Law Teams Earn National Competition Berths

Texas Tech School of Law moot court teams advance to national finals after winning regional rounds.

(left to right) Rickie Cayton, Robert Sherwin (head coach), Vanessa Burgess, Julie Goen, Natalie Roetzel, Brandon Durrett, Sally Pittman, Matthew Luensmann.

(L-R)  Rickie Cayton, Robert Sherwin, Vanessa Burgess, Julie Goen, Natalie Roetzel, Brandon Durrett, Sally Pittman, Matthew Luensmann. Click to Enlarge.
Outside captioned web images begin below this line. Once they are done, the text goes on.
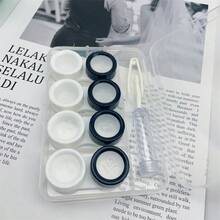 1 套简约隐形眼镜盒、护理盒、镊子、棒、夹子、收纳盒 - 黑與白 - 查看 4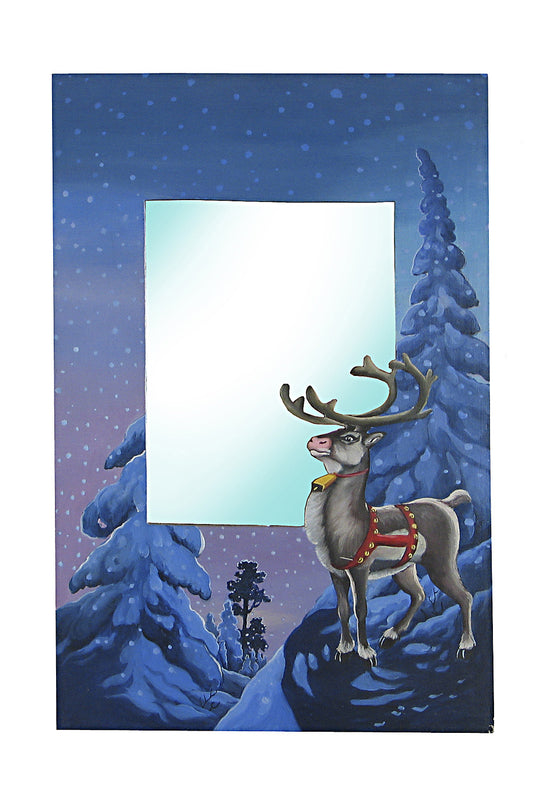 Hand Painted Reindeer Mirror//Miroir Peint à la Main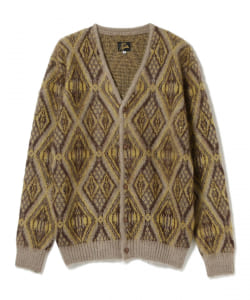 ▲NEEDLES / Mohair Cardigan Geometric Diamond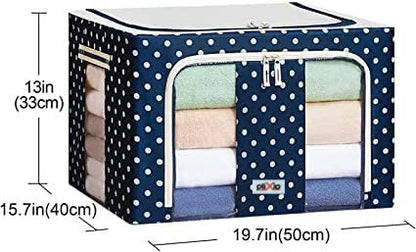 Plixio 66 LTR Storage Bag, Foldable Steel Frame Oxford Fabric Stackable Storage Bag for Clothes,Sarees,Bed sheet,Blanket With Large Clear Window Carry Handles (Polka Blue Pack of 1)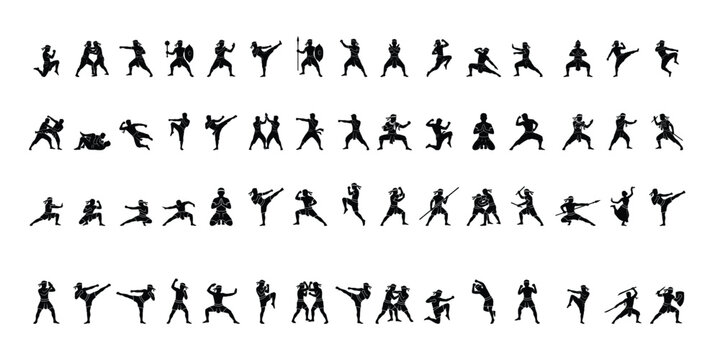 Kun Bokator Martial Arts Fighter Silhouette Icon Set Collection Vector Isolated on White Background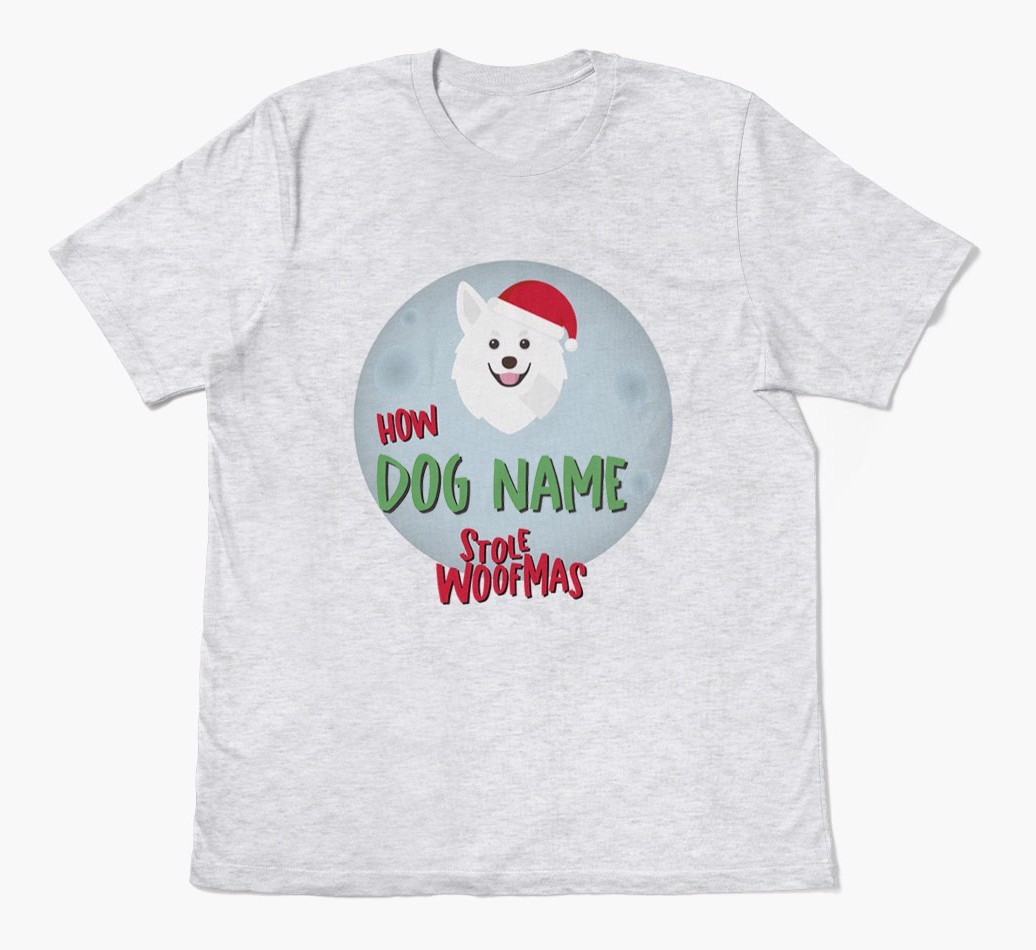 'How {dogsName} Stole Woofmas' - Personalized {breedFullName} Adult T-Shirt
For the first time since 2000, both Texas Tech University School of Law moot court teams have won regional rounds of the American Bar Association National Appellate Advocacy Competition, earning them bids to Chicago for the national finals in April. Rob Sherwin, director of Advocacy Programs and coach of the teams, said the regional rounds, which took place March 12-14, attracted some of the top appellate advocacy talent in the country. “Neither of our teams lost a round the entire weekend,” Sherwin said. “It was a dominating performance by Texas Tech law.” The third-year-law trio of Vanessa Burgess, of Washington, D.C.; Julie Goen, of Seminole; and Sally Pittman (brief writer), of Spearman, defeated Atlanta’s John Marshall Law School, Cornell University, Barry University (twice) and the John Marshall Law School in Chicago en route to its championship. Their classmates – Rickie Cayton, of Killeen; Matthew Luensmann, of Saint Hedwig; and Brandon Durrett (brief writer) of Lubbock – all third-year law students – beat the University of Georgia, Atlanta’s John Marshall Law School, Brigham Young University, University of Houston and Florida Coastal University to claim their trophy. Individually, Durrett’s brief placed third overall.  Luensmann won the fourth-best oralist award, while Cayton won eighth. Sherwin said the problem for this year’s competition was incredibly complex, dealing with the issues of war powers and whether congressmen have the ability to sue the president. “The component of national security law provided us with a distinct advantage over other law schools that don’t have the military law faculty that we do,” Sherwin said. “I’m convinced that had it not been for the help of our amazing faculty, these two wins would not have been possible.” The competition started with 187 teams, the largest moot court competition ever.  The national finals will play host to the four champions from each of the six regional competitions, for a total of 24 teams.  Texas Tech and University of California, Hastings were the only two schools to qualify both of their squads for the national finals.